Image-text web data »
☆ ☆ ☆

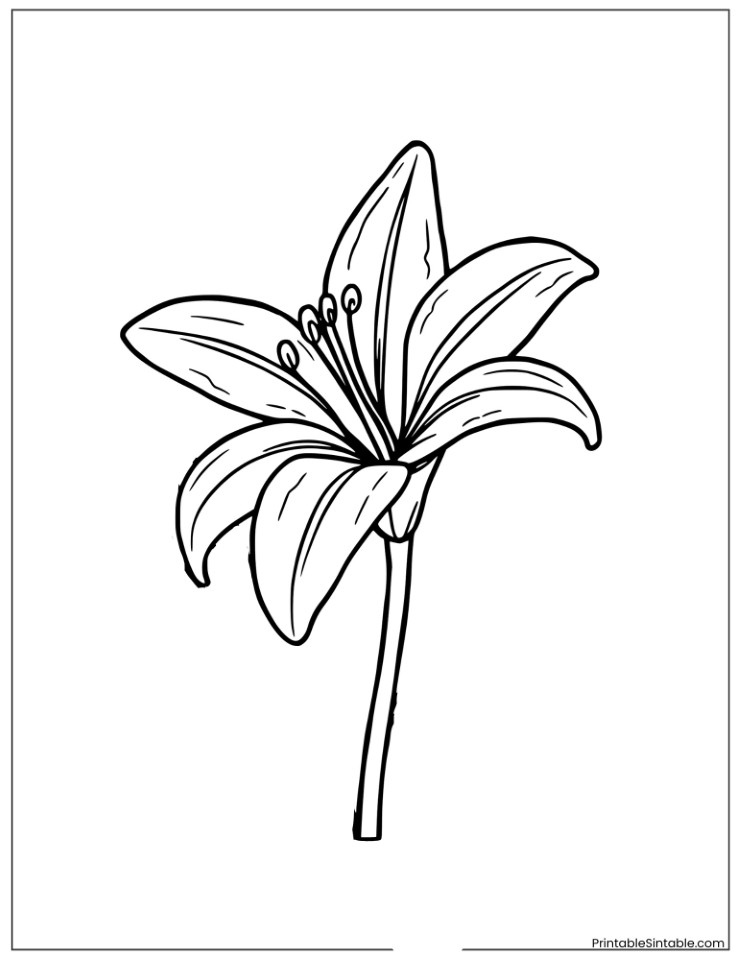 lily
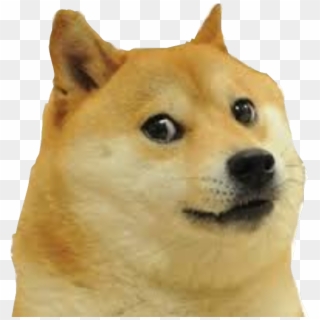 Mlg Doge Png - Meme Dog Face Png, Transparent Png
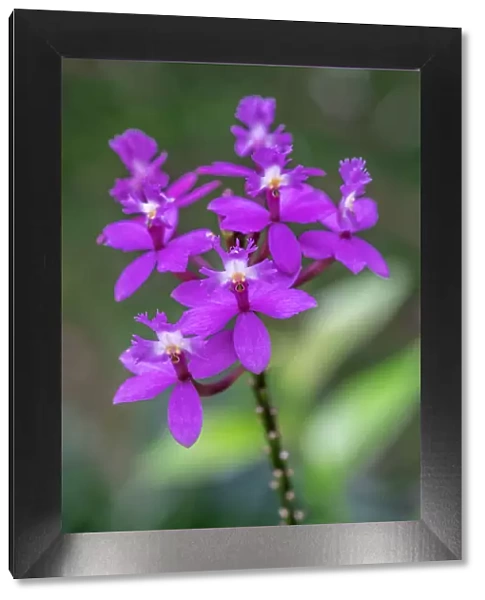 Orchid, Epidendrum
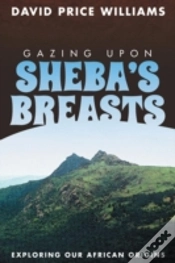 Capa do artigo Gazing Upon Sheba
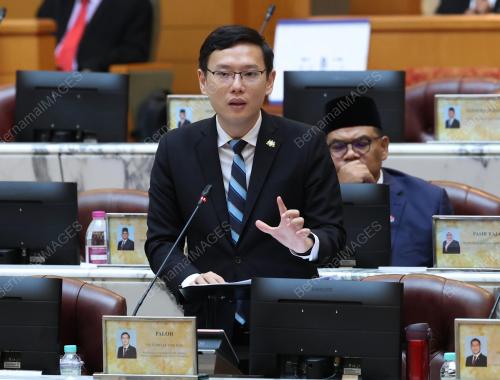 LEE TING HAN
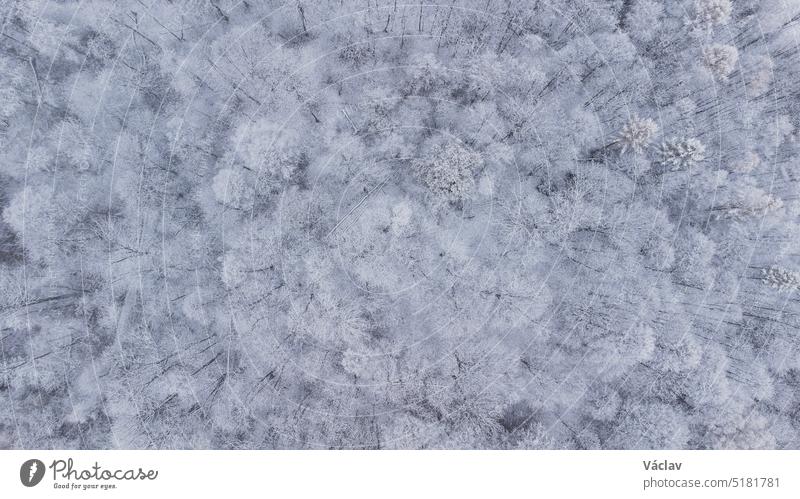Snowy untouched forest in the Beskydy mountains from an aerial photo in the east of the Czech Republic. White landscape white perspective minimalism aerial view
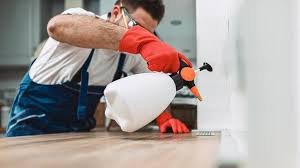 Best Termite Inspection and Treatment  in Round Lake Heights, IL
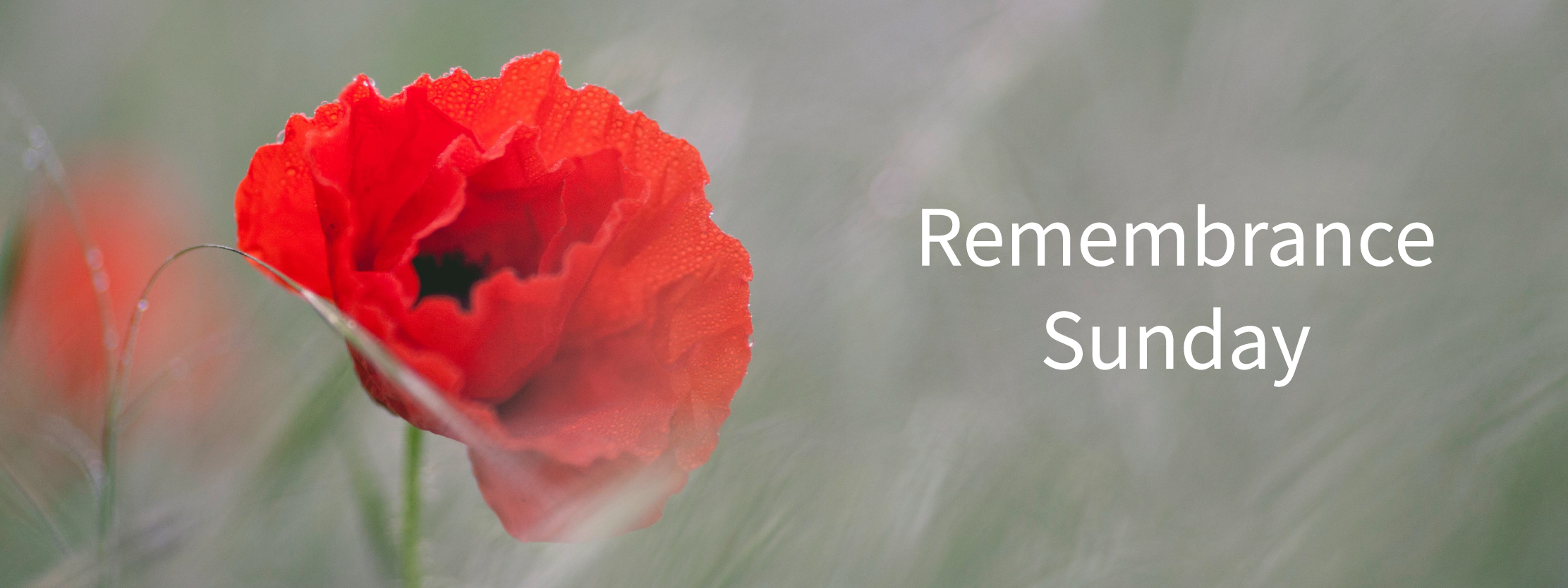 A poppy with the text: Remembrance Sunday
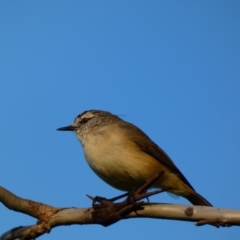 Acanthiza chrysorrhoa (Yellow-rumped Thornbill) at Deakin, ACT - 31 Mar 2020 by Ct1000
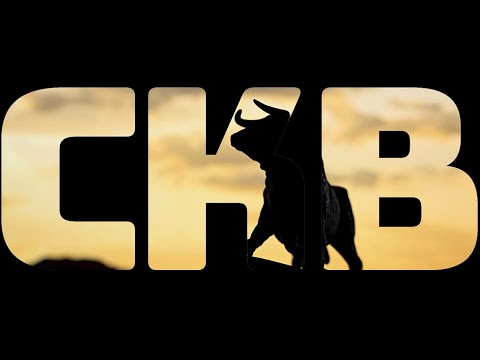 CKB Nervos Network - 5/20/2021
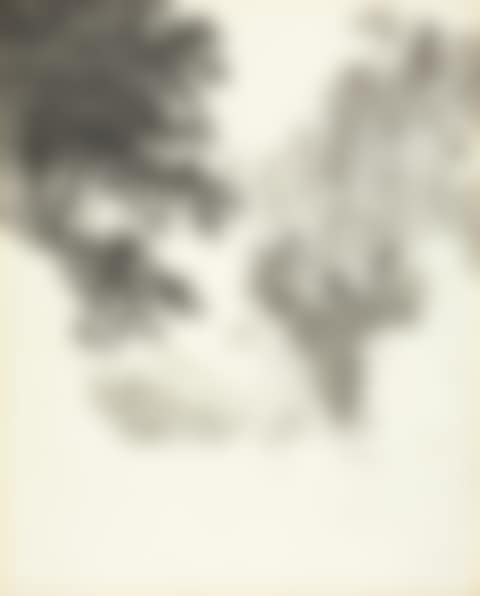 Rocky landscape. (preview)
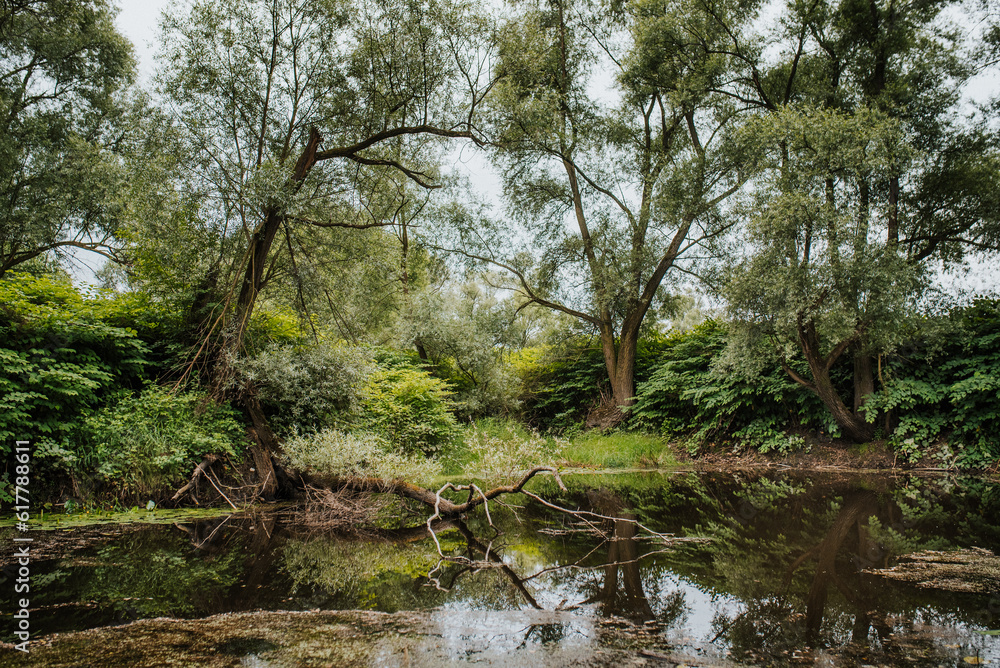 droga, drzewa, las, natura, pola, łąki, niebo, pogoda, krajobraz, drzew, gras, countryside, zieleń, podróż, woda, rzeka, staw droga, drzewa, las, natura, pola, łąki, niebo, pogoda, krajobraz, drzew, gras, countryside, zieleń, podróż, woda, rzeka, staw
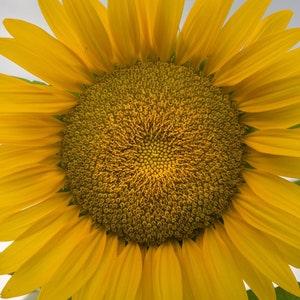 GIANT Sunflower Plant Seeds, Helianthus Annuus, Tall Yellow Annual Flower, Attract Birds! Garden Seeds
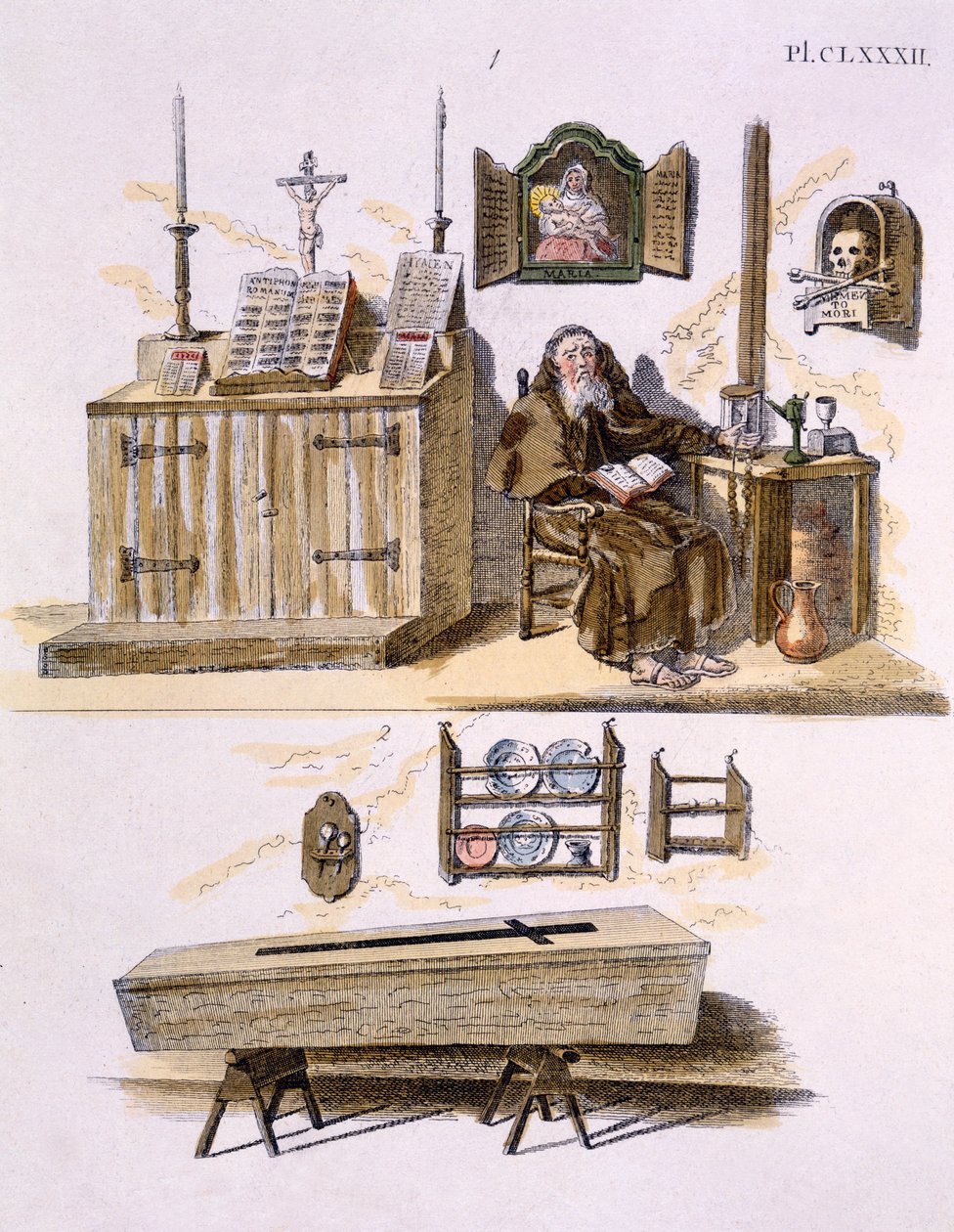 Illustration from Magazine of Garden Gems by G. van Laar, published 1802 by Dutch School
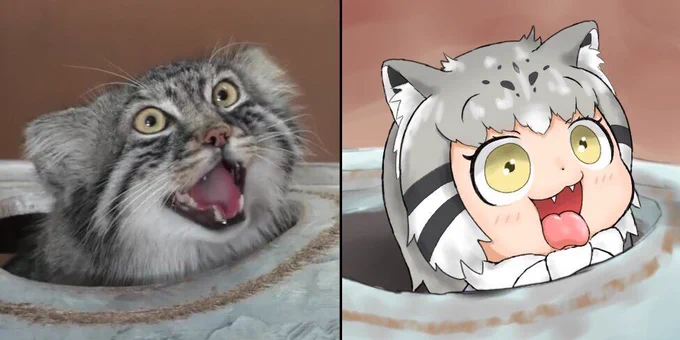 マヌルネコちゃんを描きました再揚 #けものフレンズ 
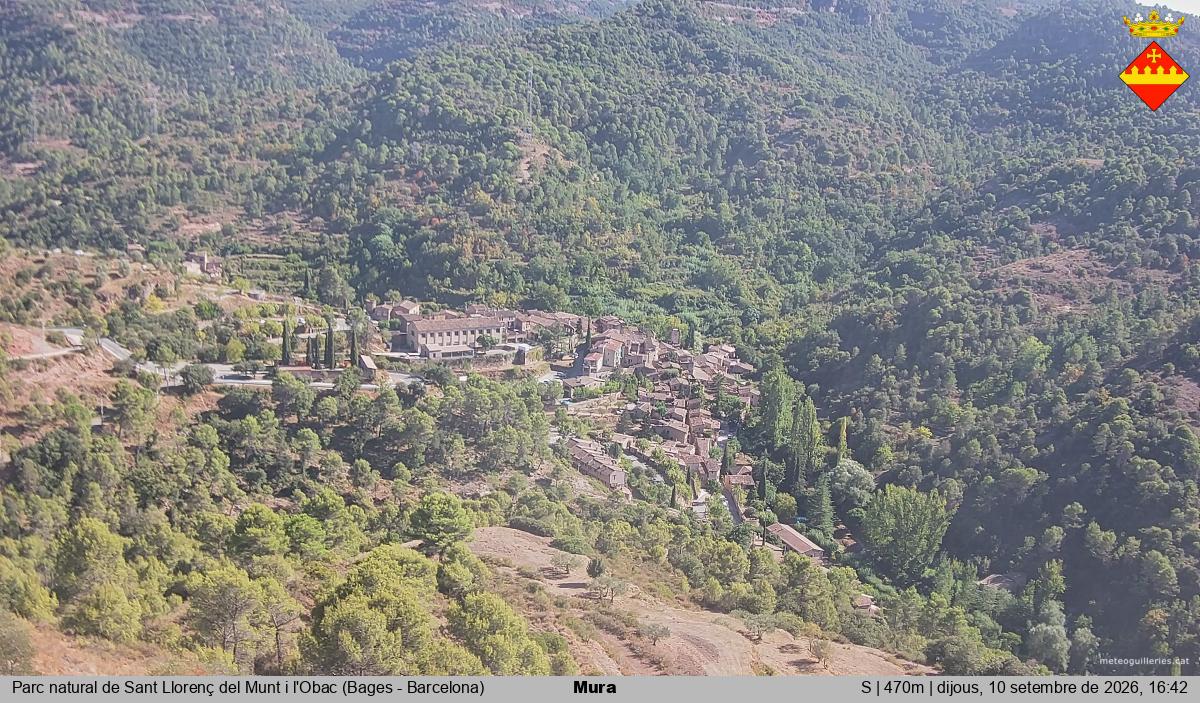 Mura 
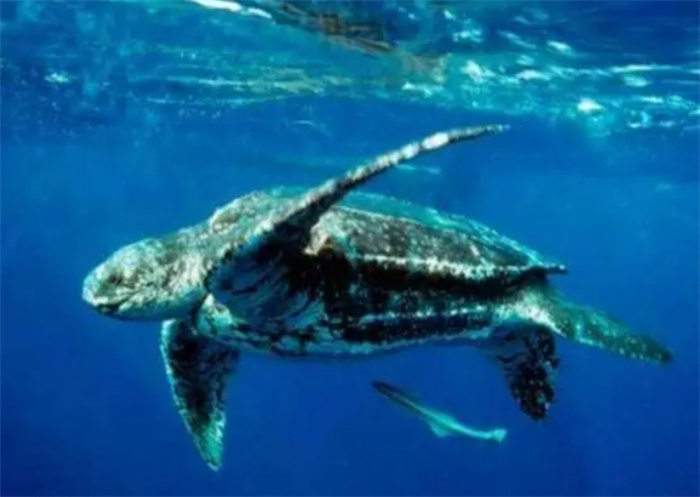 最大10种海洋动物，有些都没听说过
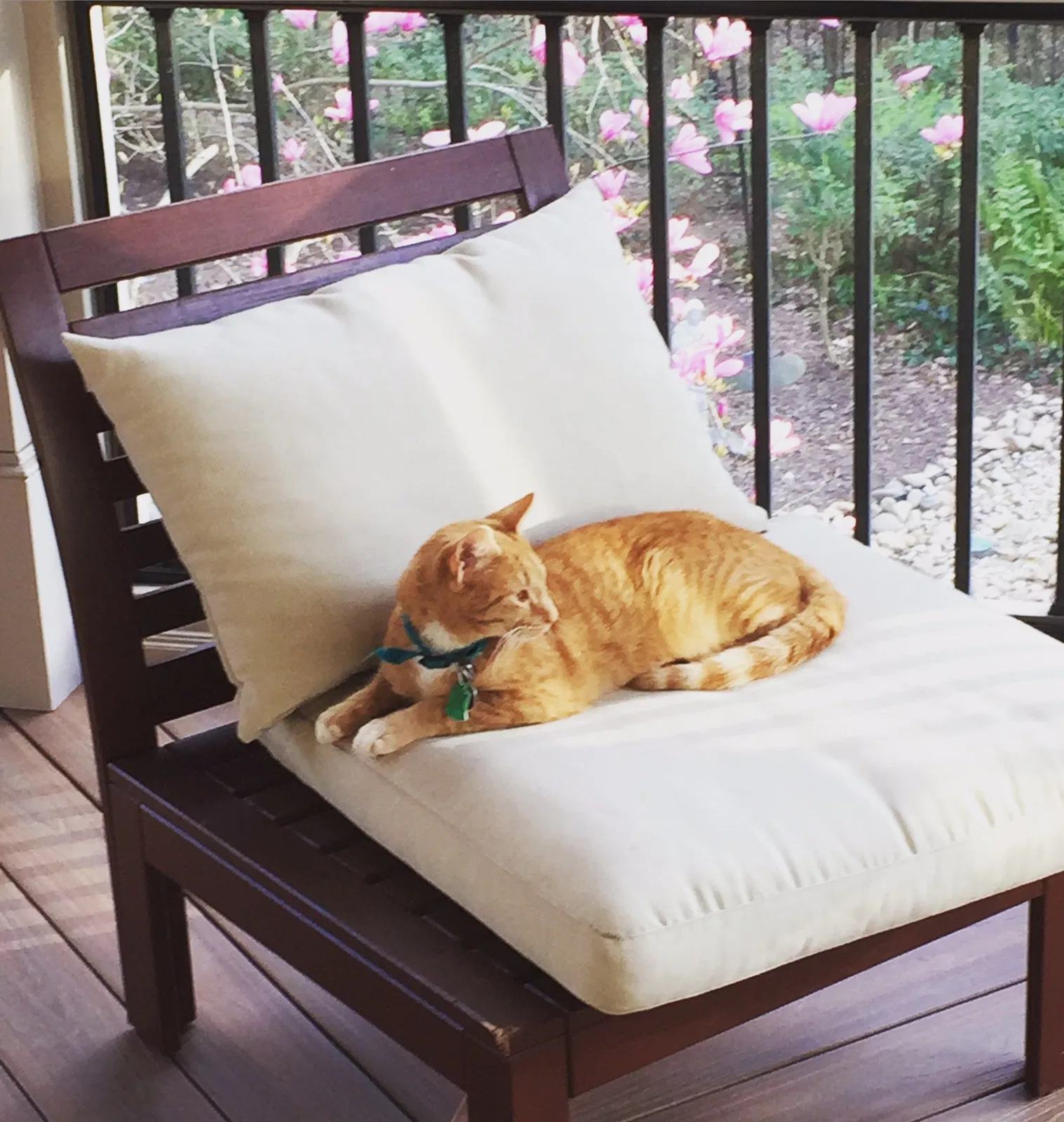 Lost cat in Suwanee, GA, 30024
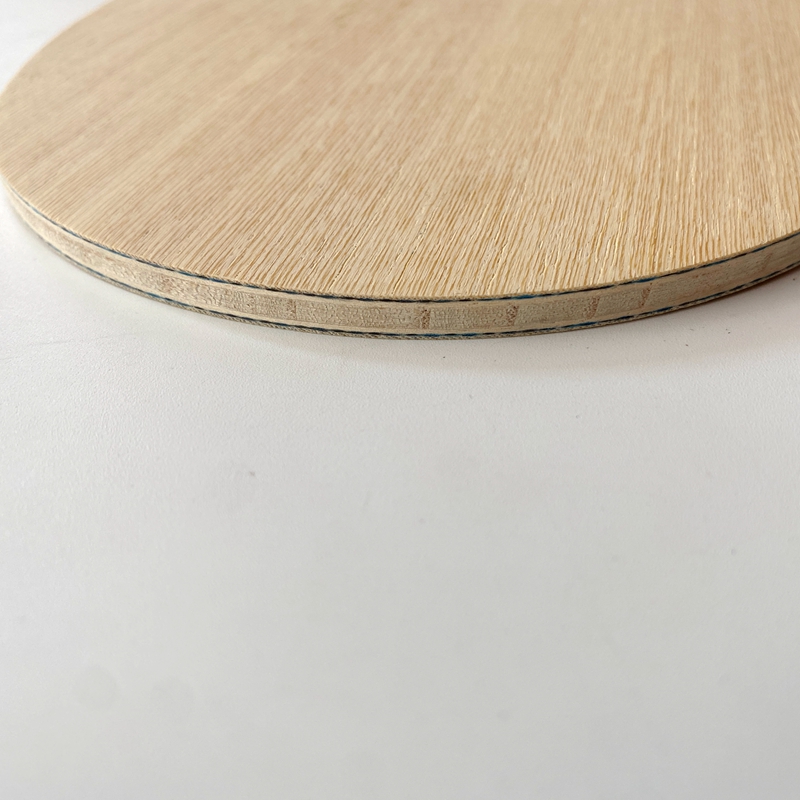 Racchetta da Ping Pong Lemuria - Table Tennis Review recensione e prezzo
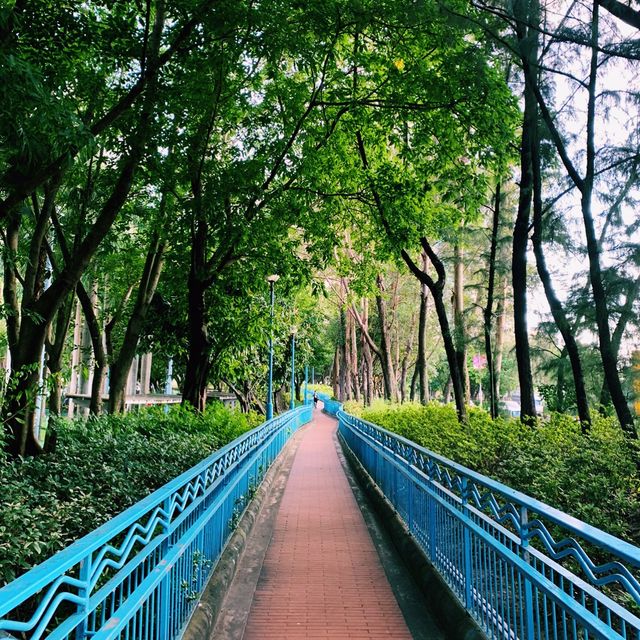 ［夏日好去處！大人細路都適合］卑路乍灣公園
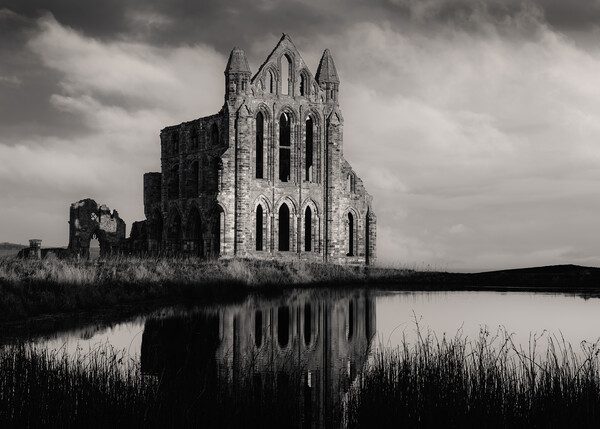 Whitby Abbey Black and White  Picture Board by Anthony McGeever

☆ ☆ ☆

Task statement » Word for word, reproduce all of the data, but keep out the pictures.

Response box »
 lily
 Mlg Doge Png - Meme Dog Face Png, Transparent Png
 Orchid, Epidendrum
 Capa do artigo Gazing Upon Sheba
 LEE TING HAN
Snowy untouched forest in the Beskydy mountains from an aerial photo in the east of the Czech Republic. White landscape white perspective minimalism aerial view
 Best Termite Inspection and Treatment  in Round Lake Heights, IL
 A poppy with the text: Remembrance Sunday
 Acanthiza chrysorrhoa (Yellow-rumped Thornbill) at Deakin, ACT - 31 Mar 2020 by Ct1000
 CKB Nervos Network - 5/20/2021
 Rocky landscape. (preview)
 droga, drzewa, las, natura, pola, łąki, niebo, pogoda, krajobraz, drzew, gras, countryside, zieleń, podróż, woda, rzeka, staw droga, drzewa, las, natura, pola, łąki, niebo, pogoda, krajobraz, drzew, gras, countryside, zieleń, podróż, woda, rzeka, staw
 GIANT Sunflower Plant Seeds, Helianthus Annuus, Tall Yellow Annual Flower, Attract Birds! Garden Seeds
 Illustration from Magazine of Garden Gems by G. van Laar, published 1802 by Dutch School
 マヌルネコちゃんを描きました再揚 #けものフレンズ 
 Mura 
 最大10种海洋动物，有些都没听说过
 Lost cat in Suwanee, GA, 30024
 Racchetta da Ping Pong Lemuria - Table Tennis Review recensione e prezzo
 ［夏日好去處！大人細路都適合］卑路乍灣公園
 Whitby Abbey Black and White  Picture Board by Anthony McGeever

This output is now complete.